To solve this interdisciplinary problem, we are pursuing research in several areas:
Distributed systems: We study concurrency, resilience, and scalability issues of workload scheduling in large scale clouds.
Optimization theory: We develop new solutions for solving assignment problems with non-linear objectives
Control theory: We study issues of stability and responsiveness
Performance modeling: We develop analytic models of workload performance, security, and availability
Analytics and AI technologies: We leverage AI and statistical models to learn new insights from observations when we do not have complete information about the managed system
We like seeing our system work. We prototype all our solutions while leveraging opensource technologies such as Kubernetes. We also contribute to kube-arbitrator project.
One key aspect management tackled by our team over recent years has been the allocation of resources (CPU, memory, disk, storage, etc.) to applications. One resource allocation technique we investigate is application placement. We first studied this problem in the context of middleware environments, such as IBM WebSphere, where resource allocation may be performed by controlling the number and placement of application servers running a replica of an application. We developed Application Placement Controller, which dynamically adjusts the number and placement of application replicas so as to maximize the overall system utility and obey a variety of configurable constraints.
With the increasing popularity of virtualization, we investigated the application of our application placement technology to placement of virtual machines. We developed Vespa, a highly efficient and scalable placement controller for virtual machines. We developed technologies to estimate VM demand in black-box manner, model and optimize for software licence limits, and manage electrical energy usage by dynamic server consolidation.

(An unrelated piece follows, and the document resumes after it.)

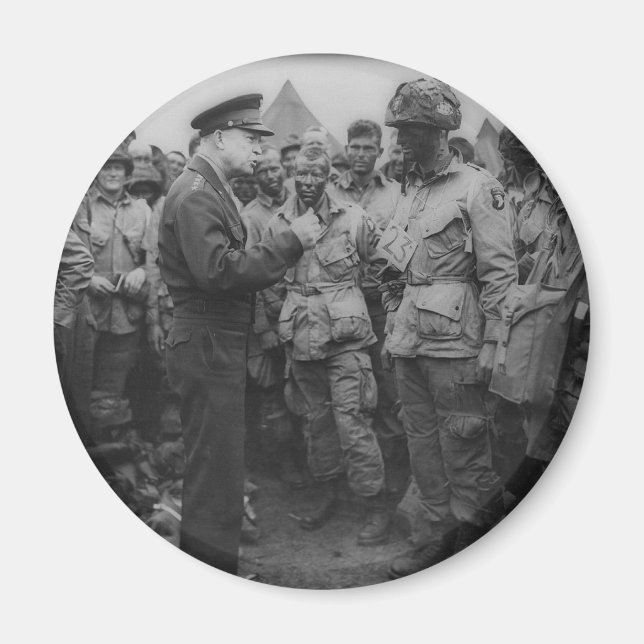 General Dwight D. Eisenhower with Paratroopers Magnet (Front)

In the context of application server middleware platforms, we also studied techniques to perform request load balancing and flow control. We developed technology to differentiate SLAs of request flows (such as response time or relative delay) by traffic shaping at the edge L7 proxy.
To implement these resource management systems, we also developed a scalable and low-overhead communication layer, called Bison.
Most recently, we investigated techniques to improve performance and reliability of multi-stage data flows running in a large scale data analytic environments. We studied ways to better manage intermediate data of MapReduce jobs, to dynamically control the replication factor of intermediate data in a data flow, and to perform resource and SLA-aware scheduling of MapReduce jobs.